How to complete this task:
Transcribe all records exactly; omit pictures.

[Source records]
==========
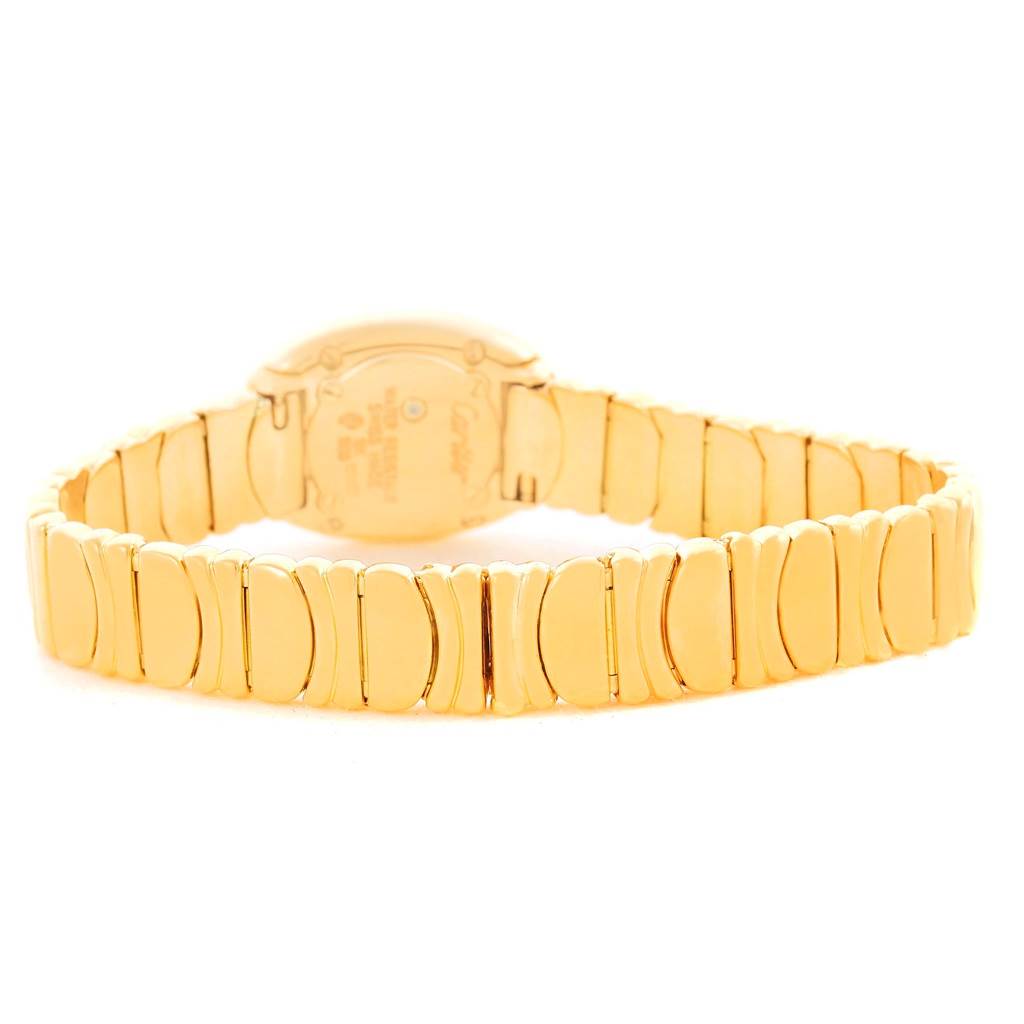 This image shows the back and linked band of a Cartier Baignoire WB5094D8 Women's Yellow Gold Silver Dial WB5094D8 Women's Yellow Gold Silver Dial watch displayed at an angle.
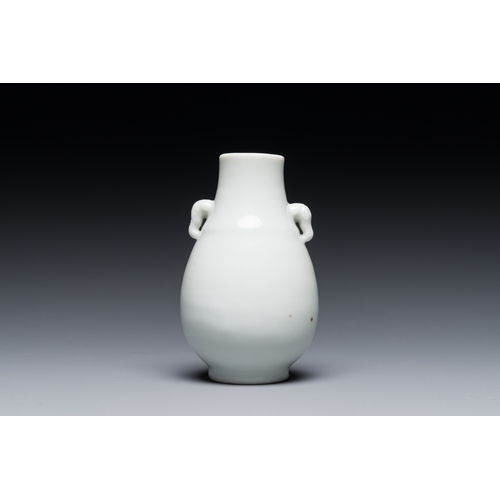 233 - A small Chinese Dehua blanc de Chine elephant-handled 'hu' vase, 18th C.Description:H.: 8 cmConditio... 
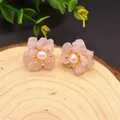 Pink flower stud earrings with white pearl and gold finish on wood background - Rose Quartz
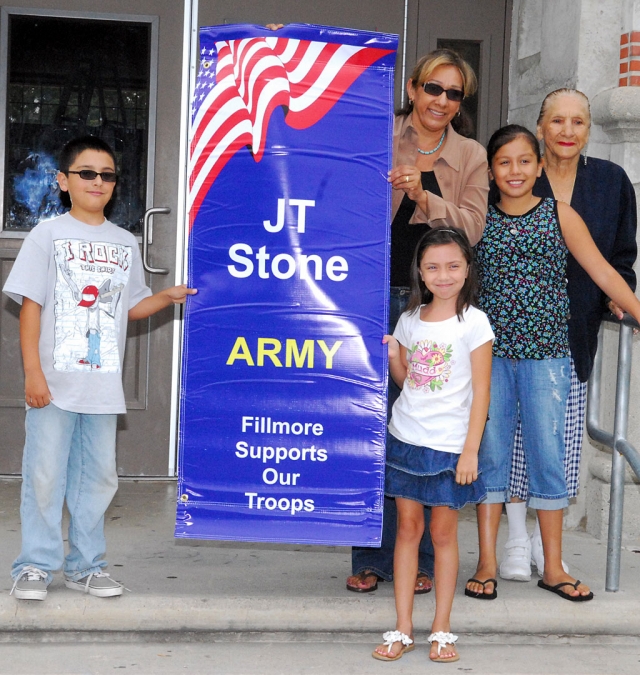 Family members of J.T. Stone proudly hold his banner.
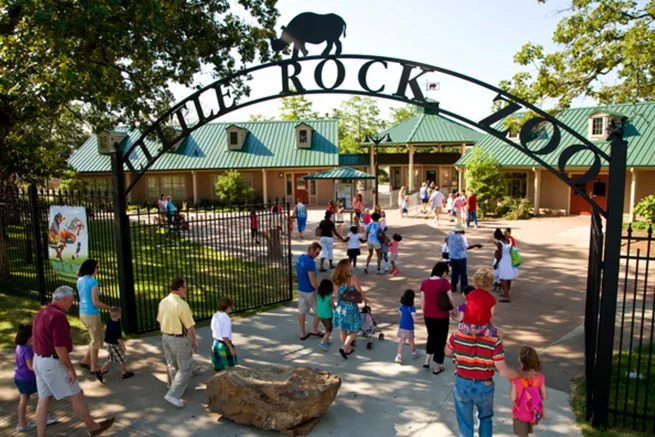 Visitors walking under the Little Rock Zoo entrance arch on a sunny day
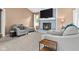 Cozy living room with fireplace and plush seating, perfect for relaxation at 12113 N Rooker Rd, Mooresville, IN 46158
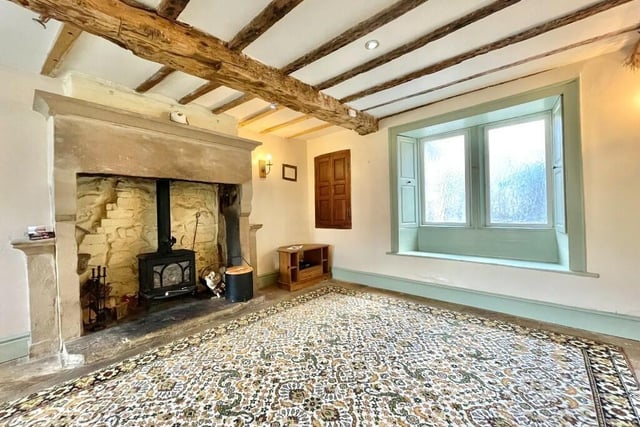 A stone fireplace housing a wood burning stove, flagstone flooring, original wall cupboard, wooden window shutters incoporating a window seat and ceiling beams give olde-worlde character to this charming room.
==========
Solution:
 This image shows the back and linked band of a Cartier Baignoire WB5094D8 Women's Yellow Gold Silver Dial WB5094D8 Women's Yellow Gold Silver Dial watch displayed at an angle.
 233 - A small Chinese Dehua blanc de Chine elephant-handled 'hu' vase, 18th C.Description:H.: 8 cmConditio... 
 Pink flower stud earrings with white pearl and gold finish on wood background - Rose Quartz
 Family members of J.T. Stone proudly hold his banner.
 Visitors walking under the Little Rock Zoo entrance arch on a sunny day
 Cozy living room with fireplace and plush seating, perfect for relaxation at 12113 N Rooker Rd, Mooresville, IN 46158
 A stone fireplace housing a wood burning stove, flagstone flooring, original wall cupboard, wooden window shutters incoporating a window seat and ceiling beams give olde-worlde character to this charming room.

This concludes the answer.